Individual Offensive Contribution
With each state having a value assigned to it (the likelihood of scoring a goal), we can take a look at how much an individual affects a team’s chance at scoring a goal by looking at the difference in value from the state the player receives the ball, to the state the player puts the ball. For example, let’s say a player is in a state with a value of .05 and plays a through ball to their teammate, putting them into a good goal scoring opportunity with a value of .25. The passing player would be credited with creating .2 units of offense. If the receiving player goes on to score a goal, they would be credited with .75 units of offense and if they miss, they receive a penalty of -.25 units of offense (goals have a value of 1 and turnovers a value of 0). If the shot is deflected for a corner, the value is somewhere in between.
There are several advantages to this method versus looking at existing metrics like passing percentage and goals. For one, passing percentage treats all passes equally. This system weights each pass with the amount the player helped improve the team’s chance of scoring. When looking at goals, instead of giving full credit to the goalscorer, players who helped move the ball into a good position are rewarded. Those same players are still rewarded even if the chance is not converted.
For the sample dataset provided by StatDNA, the top offensive contributors were Tim Cahill, Yaya Toure and Cesc Fabregas. Liverpool’s new signings, Jordan Henderson and Stuart Downing, both are in the top 25, but Raul Meireles, who recently left Anfield for Stamford Bridge, was #7.

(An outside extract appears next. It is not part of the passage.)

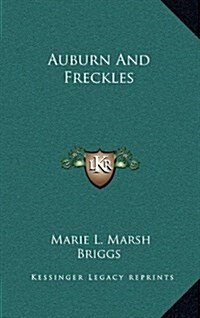 Auburn and Freckles (Hardcover)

We can also examine who is the most wasteful with the ball by looking at who has the lowest offensive contributions. Goalkeepers are colored in grey in the diagram below. The strong presence of goal keepers among the worst contributors should be a red flag for most teams, as it possibly indicates significant room for improvement in the keeper’s distribution. Darren Bent is far and away the most wasteful player outfield player in the dataset. The sample isn’t representative of his season as he scored 17 goals last year, but only one of those goals was present in the sample set. However, in the set he had 19 opportunities where he received the ball in a state with a probability of scoring greater than 10% (the average probability of these chances was 22%). Darren Bent only converted one of these chances and his offensive contribution for these high probability chances was -0.263. Imagine how high he’d be ranked if he could have finished some of these chances.
There are loads of additional questions that you can start to try to answer using this framework. The data can be sliced and diced in all sorts of interesting ways. Currently the model doesn’t account for the quality of the opposition, which would be a good next step in developing this framework further.